Now that we’ve talked about how much we need, let’s talk about what kind of protein. Good food-based sources are going to include lean beef, buffalo (which by the way is leaner than beef and tastes awesome), chicken, fish, eggs and dairy. Now there are vegetable sources, but it does make it a little more challenging to get adequate amounts to build muscle.

Now that we know the importance of protein in your diet let’s talk fat. This is one macronutrient that most people have been conditioned to wrongly fear. It’s not always your enemy like we’ve been conditioned to believe. Fat can actually be a great ally when consumed properly for building muscle, and believe it or not, losing unwanted bodyfat.

Fat

There are three primary kinds of fat – polyunsaturated fats, monounsaturated fats and saturated fats. I’m not going to bother talking about trans fats since you should already know to avoid those. Now you may have heard about Omegas or EFAs – also known as Essential Fatty Acids. These both fall into the “good category” of fats – which are your poly and monounsaturated fats. This leaves the saturated fats, which come from food sources such as meat and dairy. We’ve all been told to stay away from the saturated fats, but recent research shows that saturated fats are very important for healthy testosterone levels in men. With that being said, we still want to keep our saturated fats lower but since testosterone is key to building muscle and strength, that saturated fat we get in our whole food protein sources, is going to work to our advantage. My personal preference is to keep saturated fats to about 20 percent of my total dietary fat and then split the other 80 percent between polyunsaturated and monounsaturated fats. Now, I don’t directly break down those ratios – that’s far too much work for us normal people. Instead I try to be mindful of it and focus my effort on just keeping the saturated fats to a minimum. You’re automatically going to get enough saturdated fats in your whole food protein sources so at that point, I put my attention to getting adequate poly and monounsaturated fats from food sources such as salmon, tuna, flaxseed, olive oil, canola, safflower, or avocado, as well as certain nuts such as walnuts, almonds and sunflower seeds. Using your bodyweight to calculate your total fat intake, like we did with protein, you should focus on getting about ½ gram of fat per pound of bodyweight.
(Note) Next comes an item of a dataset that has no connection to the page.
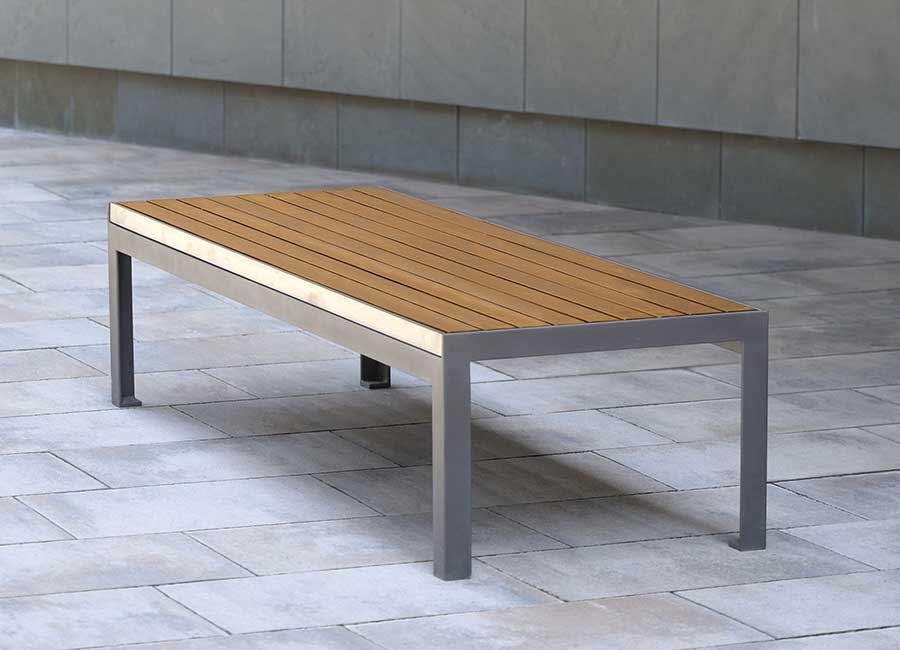 Banc simple BOLOGNE BOIS conçu et fabriqué par Aréa mobilier urbain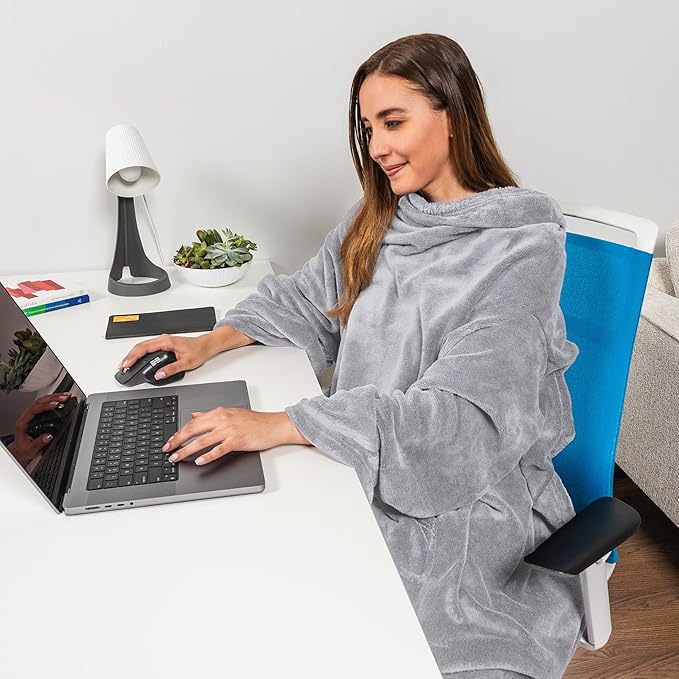 PAVILIA Blanket with Sleeves for Adult Women Men, Soft Warm Wearable Blanket Fleece Wrap Throw, Robe Blanket Gift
If you’re 180 pounds, multiply that by .5 which equals 90 grams of fat. This is the equivalent of 810 calories. Later on, we’ll add that in to our macronutrient equation and see how this stacks up.

Carbs

Our last macronutrient category is carbohydrates. Now, like fats, we’ve heard mixed messages about carbs. This started with all the low-carb and no-carb diets. Let’s go ahead and wipe that out of your memory. When it comes to building muscle and gaining strength, carbs, or more specifically the right kind of carbs, at the right time, are your friend. As a matter of fact, we’re going to get the majority of our total caloric intake from carbs – over 40 percent to put a number on it. To calculate this, you’re going to take your bodyweight and multiply it by two to find out your total carb intake for the day.

180 pounds multiplied by 2 equals 360 grams of carbs. This equals 1,440 total calories. At the end we’ll add this up with our calories from fat and protein to see how we did for total calories.

So, just like fats, not all carbohydrates are the same – you may have heard a bunch of confusing and sometime conflicting terms like complex carbs, simple carbs, low-glycemic carbs, high-glycemic carbs, slow-digesting carbs or fast digesting carbs. Sometimes some of those terms mean the same thing and sometimes they don’t. OK, so that’s confusing right? So, for the sake of simplicity let’s stick to one set of terminology, which is high-glycemic versus low-glycemic.

High-glycemic carbs are those that are higher on the glycemic index, meaning that they are digested more quickly and consequently raise blood sugar levels higher and faster. High glycemic carbs include foods with a high sugar content like soft drinks, cake, candy and fruit juices. Those are the obvious ones, though. What are some of the not so obvious? That would include white bread, white rice, potatoes, and most cereals, just to name a few.

Now low-glycemic carbs digest more slowly, and in turn slowly release glucose into the bloodstream – which means you’re not getting those big spikes in insulin. We’ll talk about what that means in a minute. Low-glycemic foods would include rolled oats, bran, most vegetables, beans, whole wheat, whole wheat, brown rice, sweet potatoes and even most fruits.

So, why a fruit is low glycemic and fruit juice is high glycemic? The answer is fiber. You’ve heard that fiber is good for you but some people just think about digestive cleansing or heart healthy. The reality is that fiber plays a very important part of managing blood sugar levels (again, hang with me for a minute and I’ll explain what this means for building muscle). Fiber slows down the digestive process, which in turn results in a lower insulin response. Fruit juice has all the natural fiber from the fruit stripped out – that’s why one is fast glycemic (aka bad for you) and the other one high glycemic (good for you).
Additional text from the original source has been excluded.